_INSTRUCTIONS TO FOLLOW_: Could you give back exactly the lines below from the one with "2811 Somerset Dr" through the one with "岸みゆ2nd写真集「ME/Y", without a single picture?

_EXTRACTED DATA_:
=== Section Start ===
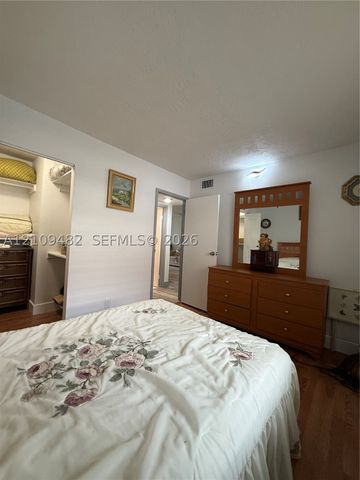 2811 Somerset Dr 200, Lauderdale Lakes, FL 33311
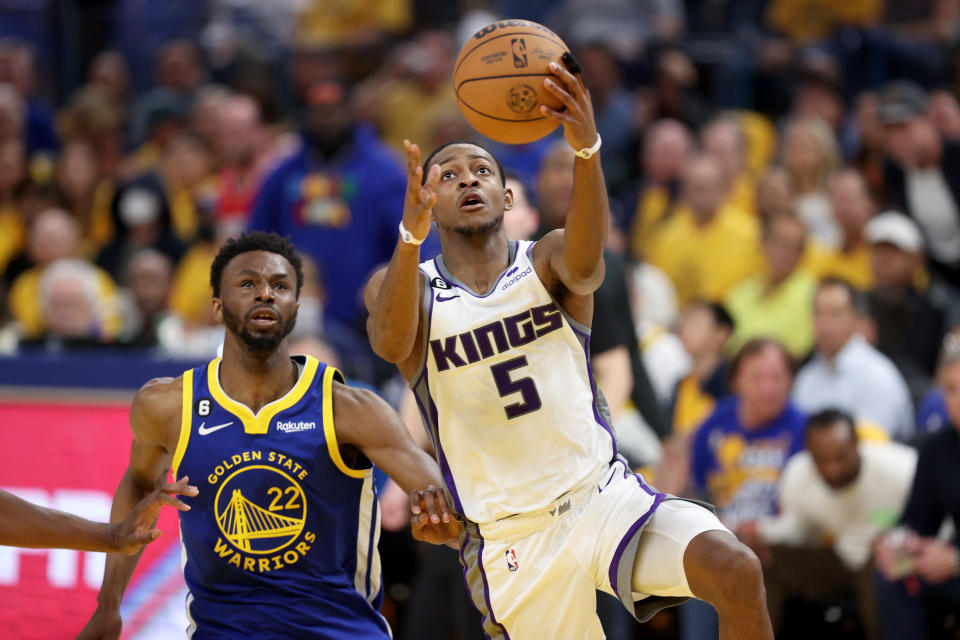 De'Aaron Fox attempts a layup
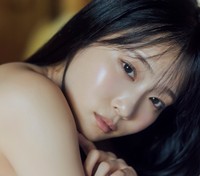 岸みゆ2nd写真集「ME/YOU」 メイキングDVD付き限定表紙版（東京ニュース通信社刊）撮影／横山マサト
=== Section End ===
=== Section Start ===
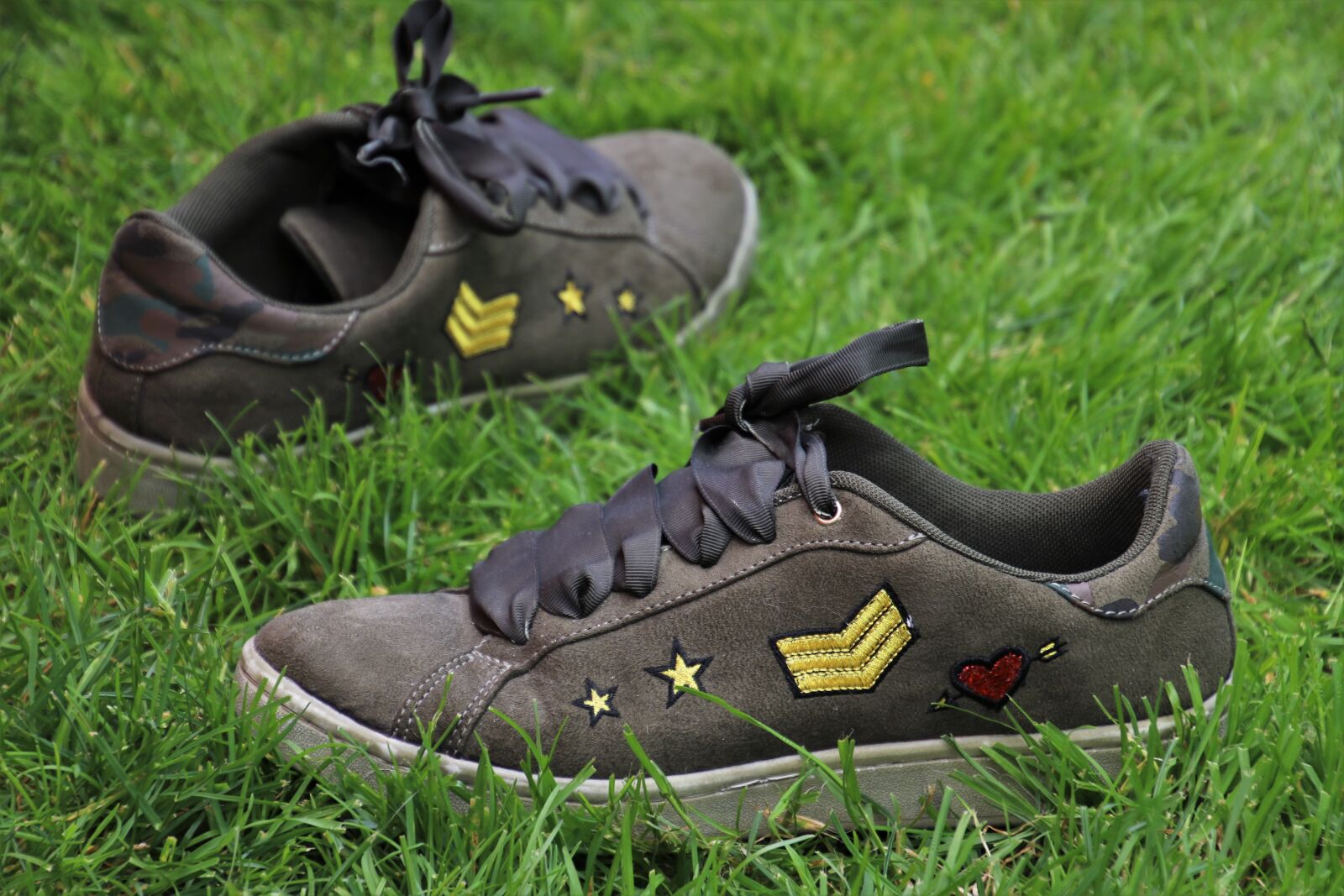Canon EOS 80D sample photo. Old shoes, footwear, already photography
=== Section End ===
_EXPECTED ANSWER_:
 2811 Somerset Dr 200, Lauderdale Lakes, FL 33311
 De'Aaron Fox attempts a layup
 岸みゆ2nd写真集「ME/YOU」 メイキングDVD付き限定表紙版（東京ニュース通信社刊）撮影／横山マサト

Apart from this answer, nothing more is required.